**AIM OF THE EXERCISE**
With pictures left out, set down exactly the lines that begin at the one containing "Father Christmas stood" and end with the last line of the entries below.

**DATASET RECORDS**
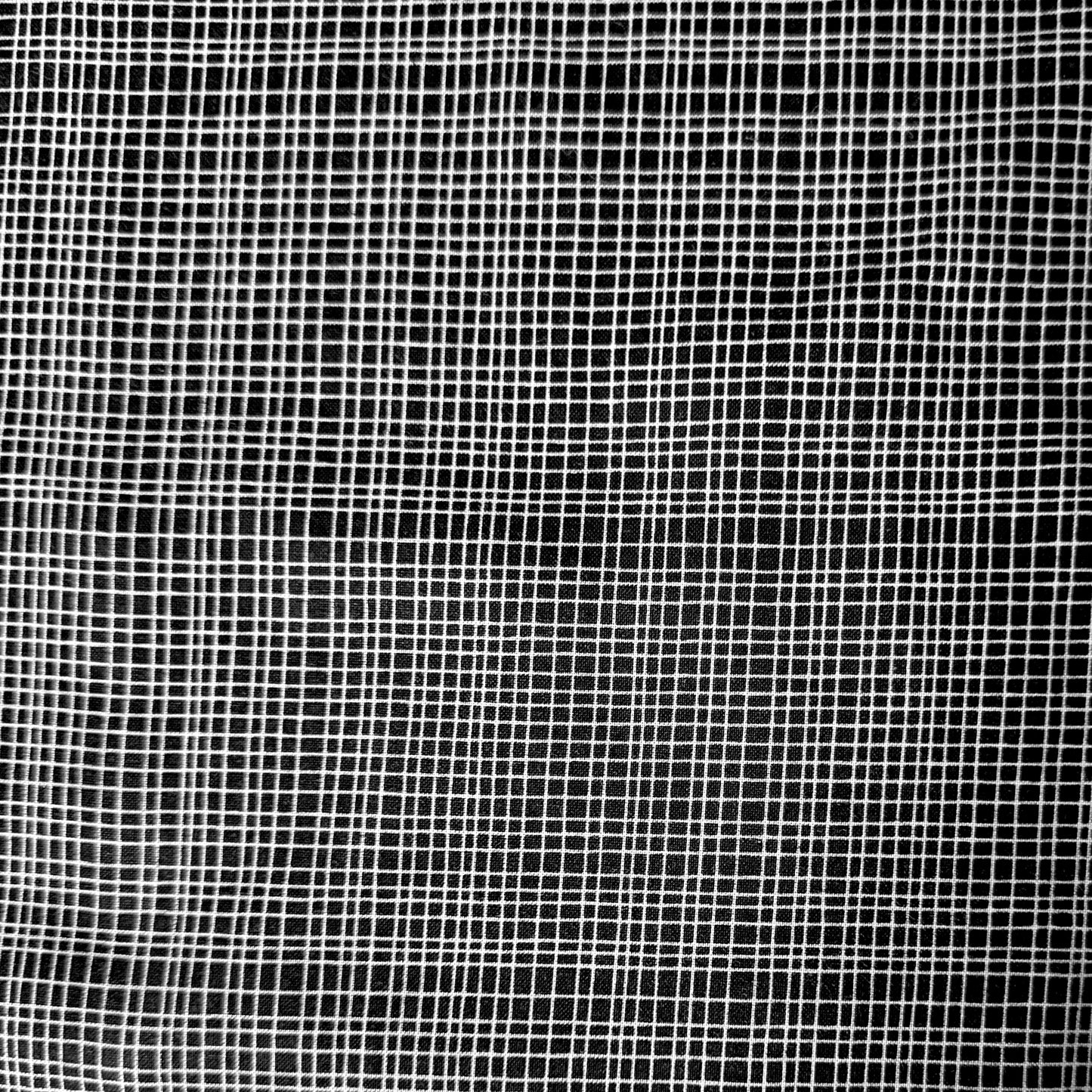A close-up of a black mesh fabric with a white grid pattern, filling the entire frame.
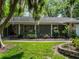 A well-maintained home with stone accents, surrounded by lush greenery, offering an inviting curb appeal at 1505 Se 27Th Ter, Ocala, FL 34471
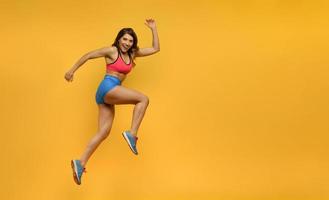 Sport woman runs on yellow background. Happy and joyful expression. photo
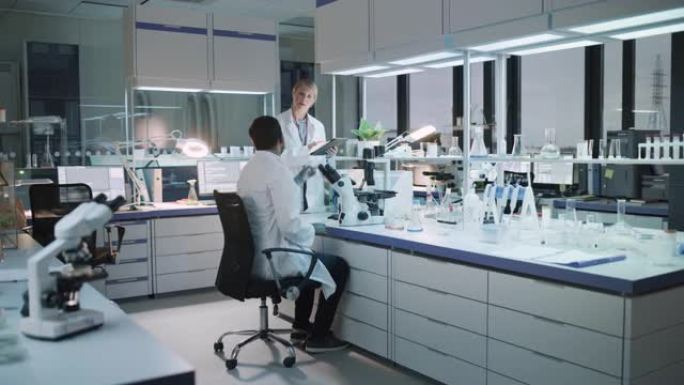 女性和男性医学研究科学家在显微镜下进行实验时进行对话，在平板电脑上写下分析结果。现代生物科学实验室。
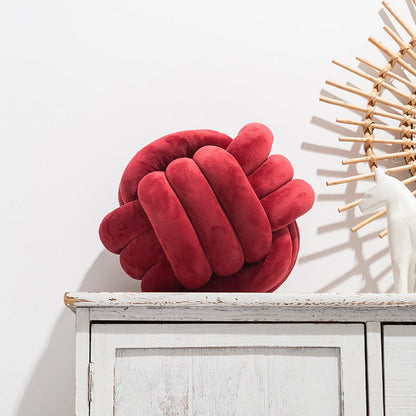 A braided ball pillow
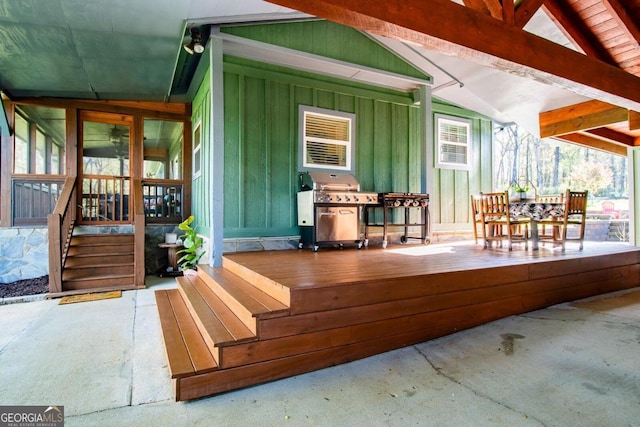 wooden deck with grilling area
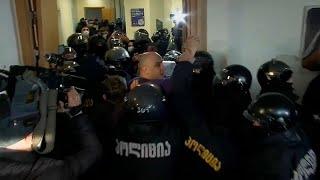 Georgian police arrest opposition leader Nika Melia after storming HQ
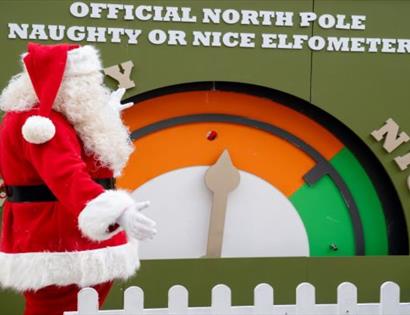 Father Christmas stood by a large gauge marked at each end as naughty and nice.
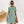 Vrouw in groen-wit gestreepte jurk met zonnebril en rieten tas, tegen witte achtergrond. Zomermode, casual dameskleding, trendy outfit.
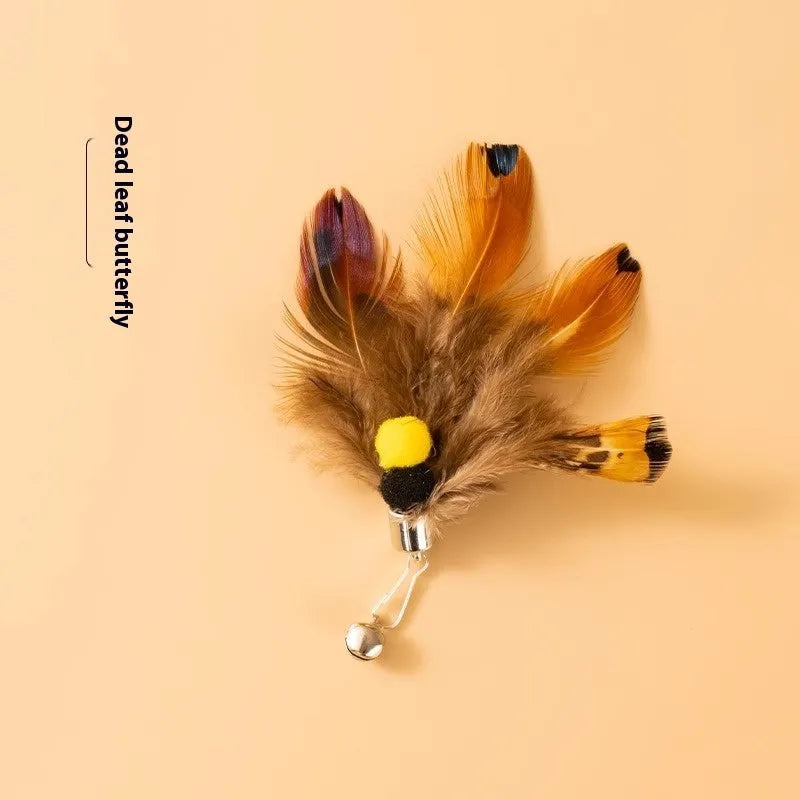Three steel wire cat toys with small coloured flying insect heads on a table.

**WRITTEN RESPONSE**
 Father Christmas stood by a large gauge marked at each end as naughty and nice.
 Vrouw in groen-wit gestreepte jurk met zonnebril en rieten tas, tegen witte achtergrond. Zomermode, casual dameskleding, trendy outfit.
Three steel wire cat toys with small coloured flying insect heads on a table.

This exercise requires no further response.